A commerce ministry official said, "Though there are challenges in achieving the export target, we will see if a revision of the target is required by the end of this year."
Another official said the country's strength is in service exports and that could aid to offset the impact of any slippage in goods exports and prevent the current account deficit from widening too much.
This year, the highest growth in exports was 10.1 percent reported in January, while July registered the steepest fall at 14. 8 percent due to a demand slowdown in the U.S. and Europe.
A fall in India's exports of engineering goods, petroleum products and gems and jewelry, along with a demand slowdown in the U.S. and Europe, pulled India's exports growth down by 9.7 percent year-on-year to 22.3 billion U.S. dollars in August, compared to 24.7 billion U.S. dollars a year ago. India's exports have dipped continuously in four of the last five months.

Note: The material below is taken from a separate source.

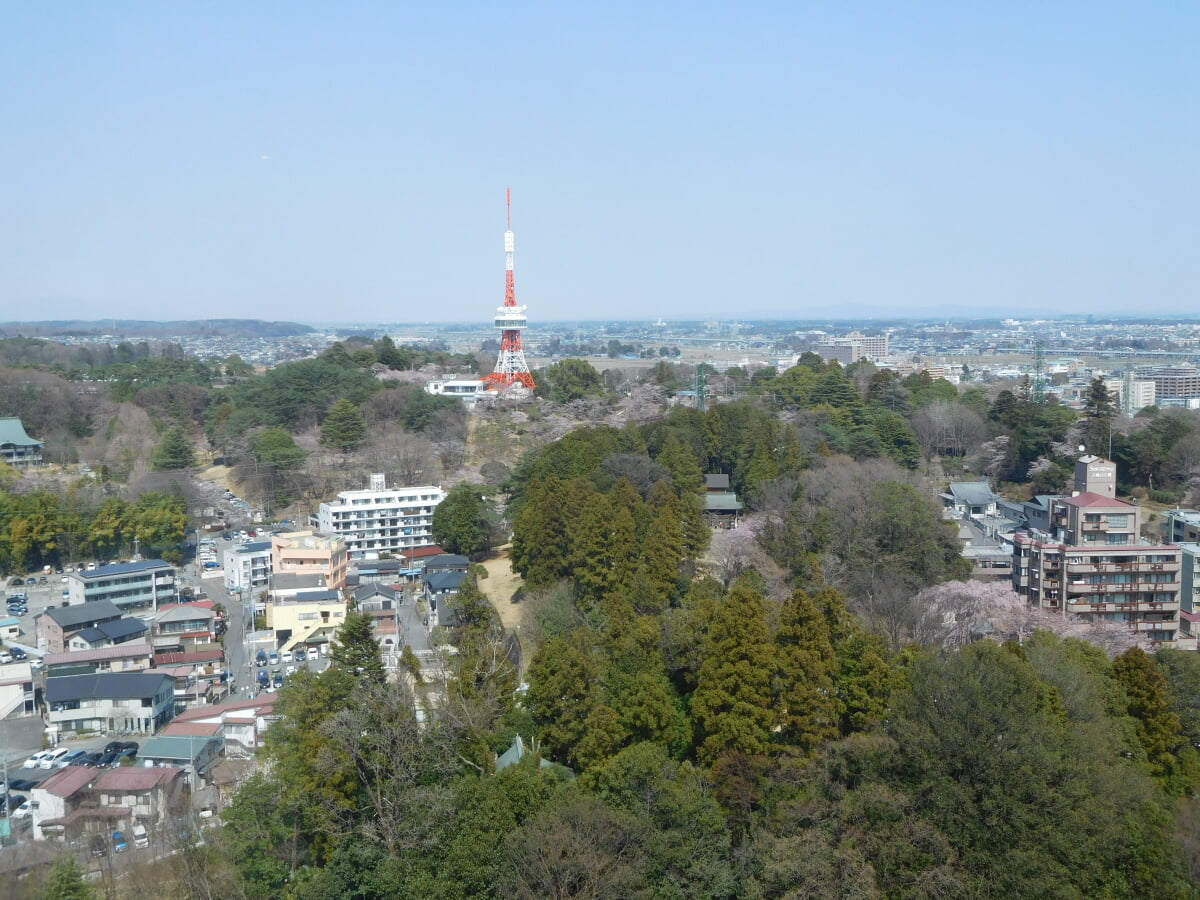 栃木県庁 15階展望ロビーの写真 ©Miyuki(CC BY-SA 4.0)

During the first five months of the current fiscal, India's imports contracted by 6.2 percent to 191.1 billion U.S. dollars. Gold imports almost halved in the period. Trade deficit during the same time recorded 71.1 billion U.S. dollars.
Biswajit Dhar, director-general of Research and Information System for Developing Countries, said, "We need to devise ways of streamlining exports by revisiting the various focused market programmes and a careful examination of where the opportunities are to stimulate exports there," and added that instead of offering more sops, the government should find markets where cost of doing business could be reduced.
According to Ajay Sahai, Director General, Federation of Indian Export Organisations (FIEO), the Eurozone was in crisis and that had impacted the country's exports which were in price sensitive segments.
Incidentally, there are 18 countries whose merchandise imports in 2010 were more than 200 billion U.S. dollars but India's market share in their total exports is a meagre one percent. The exercise initiated is aimed at add in another 50 billion U.S. dollars to the country's exports.
Experts also said that instead of focusing on emerging markets such as Africa and Latin America, the government must increase its exports to the already established economies.
An official said, "The outgo to these countries is huge, but the government is not taking a call on this. In fact, the finance ministry has asked for a report on this immediately."